# Milk Bath Photography



## Mister_Photoguy (Jun 12, 2009)

I am planning a shoot with a black woman in a bath of milk. Similar concept as Annie Leibovit's photo of woopie golberg in a bath of milk, but the angle and pose will be very different.

The problem I am having is that I am getting conflicting ideas how to get the milk look without needing to buy 50 gallons of milk or however much a claw foot tub takes.

The challenge is, even if I had 50 gallons of milk, when photographed milk actually has a blue tinge to it and is not actually pure white.  I have looked at alternative things that could be added to warm water to get the same effect and one popular idea is white emulsion paint (latex paint) to warm water,  but I am not sure if this is safe for the model.

I would love to hear from other photographers who have shot models in tubs of milk looking water and hear their best strategies and solutions.


----------



## JerryPH (Jun 13, 2009)

I have not, but I know someone that did.  Milk was used.  That blue tinge was eliminated by using off camera lighting.  They used about $10,000 worth of Profoto gear, but you could likely do it with 2 battery powered speedlights in a darker area.

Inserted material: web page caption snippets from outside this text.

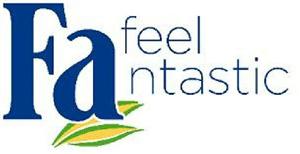 Fa feel Fantastic - לוגו סימן מסחר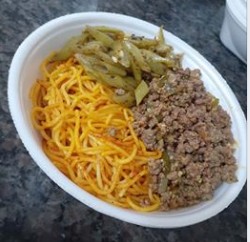 Água Na Boca Doceria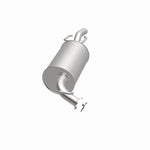 BRE Exhaust 93-97 Corolla Prizm 1.6L 1.8L Muffler Kit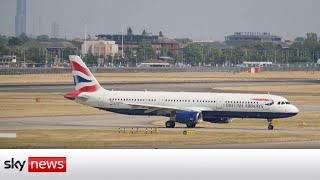 British Airways versus American Airlines  Which is better [upl. by Nett]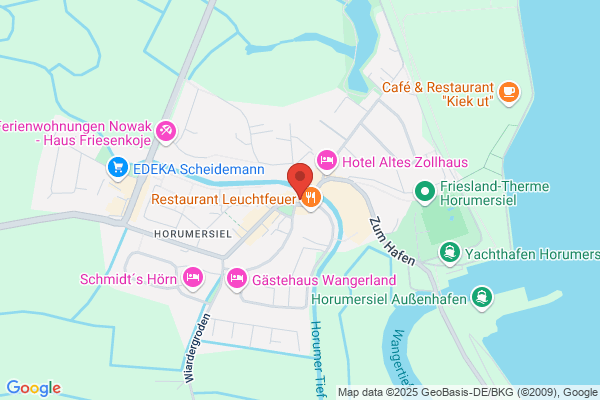 Deichrestaurant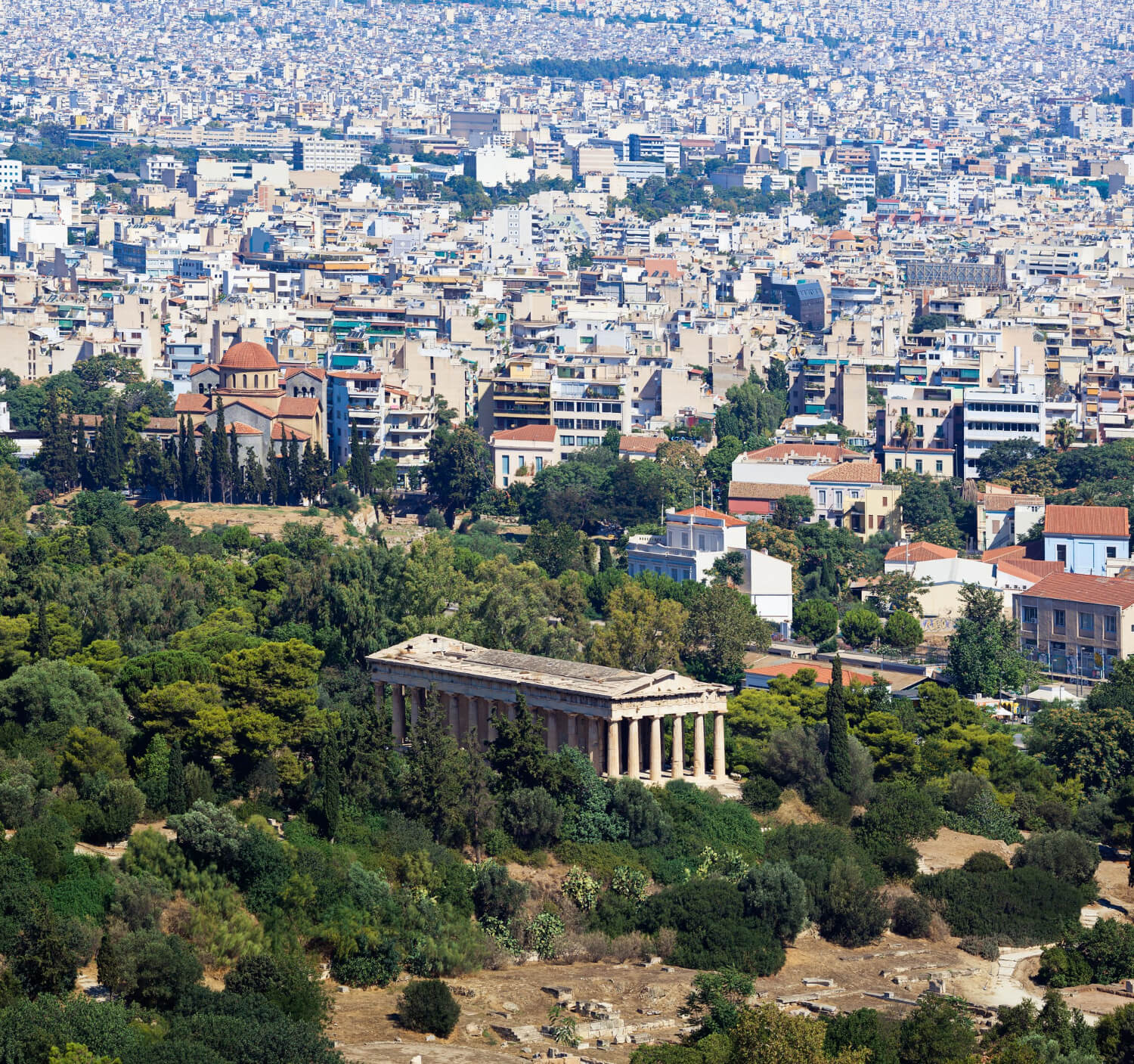 Ακίνητα: «Παγώνουν» οι αντικειμενικές αξίες - Έως πότε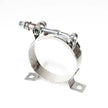 DeatschWerks DW350iL 350 LPH In-Line External Fuel Pump Bracket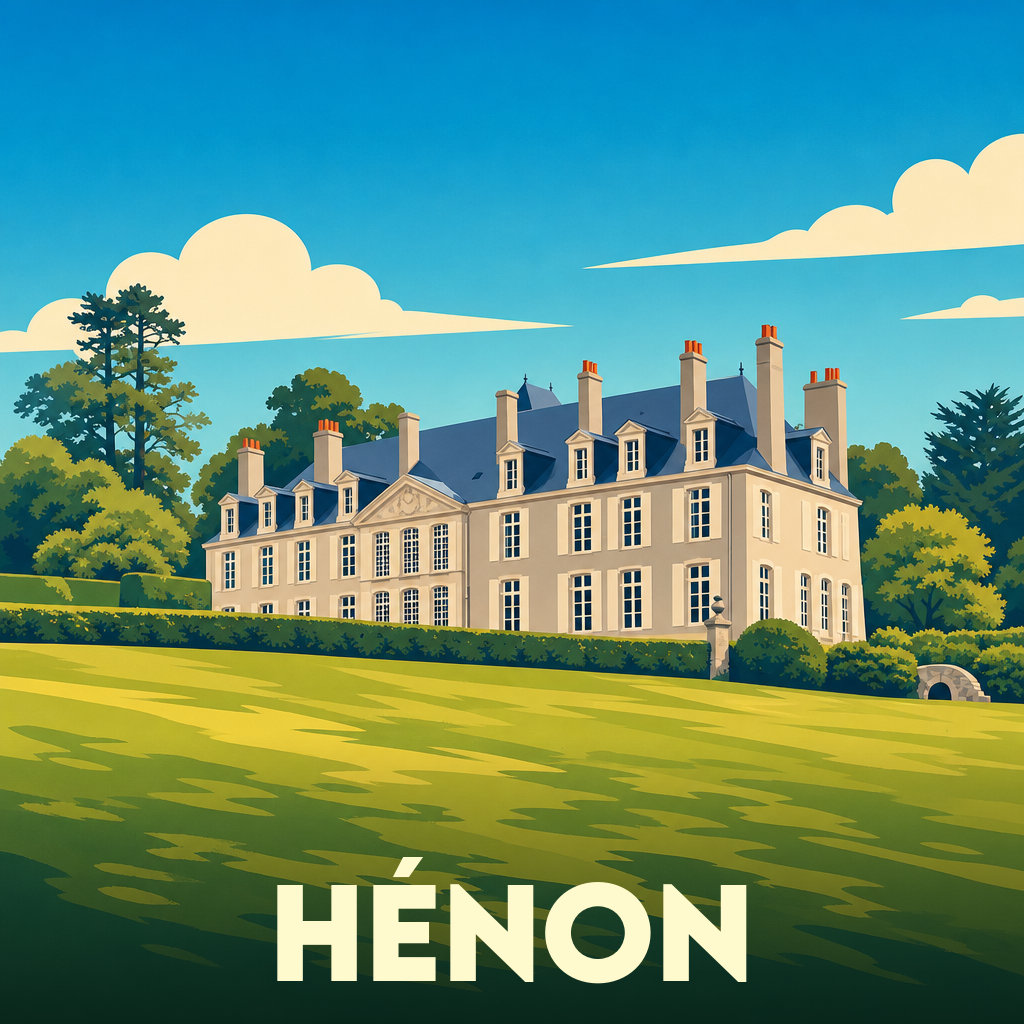 Hénon
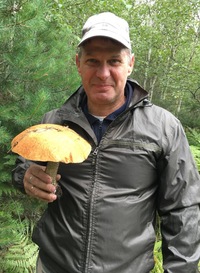 Алексей Кравцов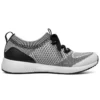 Bobs Squad Schuhe Grau/Weiss/Schwarz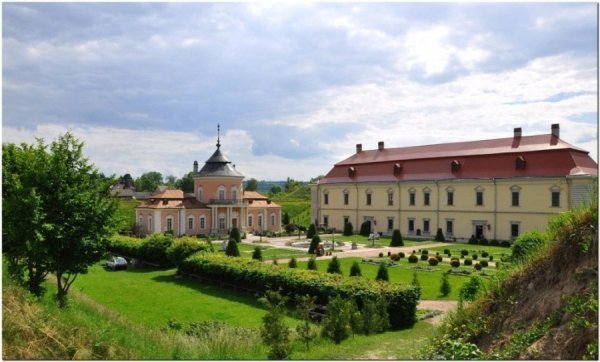 Фотовиставка Павла Березюка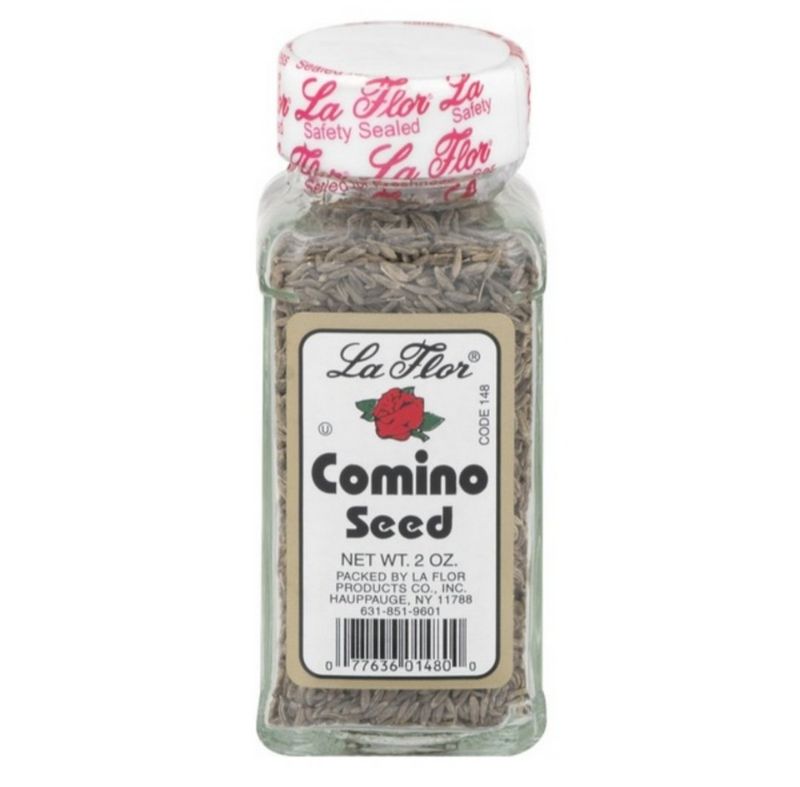 Comino Seed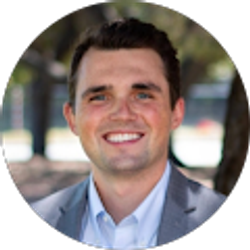 Profile photo of Connor Grant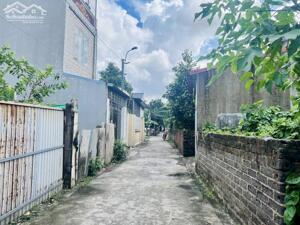 MR Đ.ANH- BÁN ĐẤT TRƯƠNG VĂN LỰC– HỒNG BÀNG– HẢI PHÒNG GIÁ 1,65 TỶ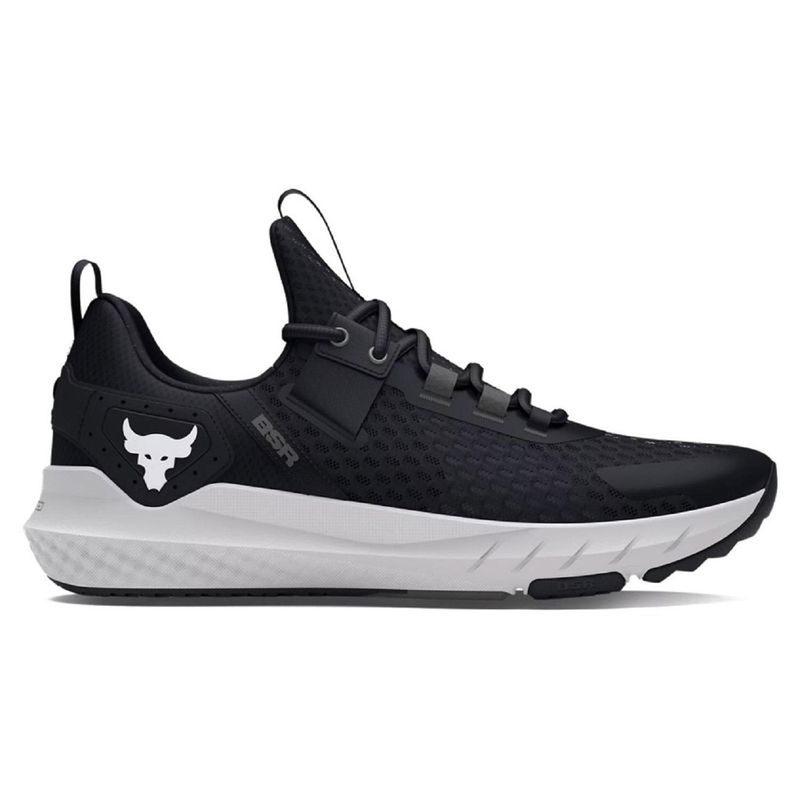 UNDER ARMOUR - Zapatillas Training Hombre Under Armour Project Rock BSR 4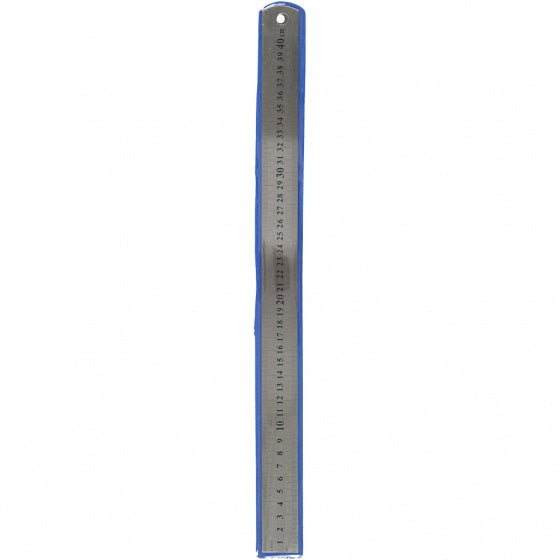 metalen liniaal 40 cm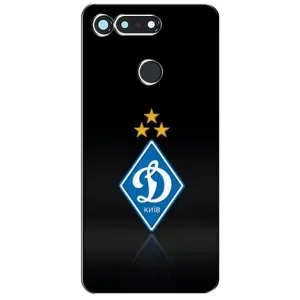 Чохли для Huawei Honor View 20 / V20 (VPrint) - Футбольні клуби (Динамо Київ)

I would not do ANYTHING that could harm my model in any way, shape or form.


----------



## Iron Flatline (Jun 13, 2009)

Get her most recent book "At Wok" where she describes that shoot a little bit. Basically it required a lot of fixing afterward. She said no matter how clean the subject is, the milk very quickly has all kinds of detritus floating around. You need to clean it up in Photoshop afterward. You WILL want to light this shoot, don't do it with available light.


----------



## Joves (Jun 13, 2009)

OK! First Milk baths are not actually all milk. They are mostly water with milk added. You could try one gallon of milk to the tub to get enough opacity to look like all milk. But bring 2 or 3 gallons with you. Also there may not be as much of a blue cast to it at a high dilution. You can always test shoot it. I sometimes use a B-Polarizer which blocks the blue end of the spectrum not sure if it will work in eliminating blue in milk though. I know it works well with the blue in sunlight. It really enhances reds.


----------



## UUilliam (Jun 13, 2009)

or you can shoot raw then increase the temperature in post production to remove the blue


----------



## RONDAL (Jun 13, 2009)

Wow....flashback to my past working for a dairy company.

Cream.  

The higher the water content the bluer the ting the liquid will have.  Using something like coffee half/half will have less of a blue tinge to it.

Personally I'd try shoot in RAW, adjusting the whitebalance to show the liquid as true white if you are going to go with a dairy type product.


My other suggestion would be to call and stunts and special effects shop, one that works on movies, TV etc.  Speak with one of their S&SE co-ordinators and ask them what they would suggest.


----------



## jinx (Jun 13, 2009)

You can get powdered milk in big boxes for cheap.


----------



## EhJsNe (Jun 13, 2009)

Shoot in raw, get lots of shots, use your nifty flash, and edit in post.

And for the milk.......hmmmm Try using cream instead, and mixing it with water......


----------



## sburatorul (Jun 14, 2009)

daniel warrington said:


> Use choc milk and a white female.




what's up with that? anyway... i am eager to see the results


----------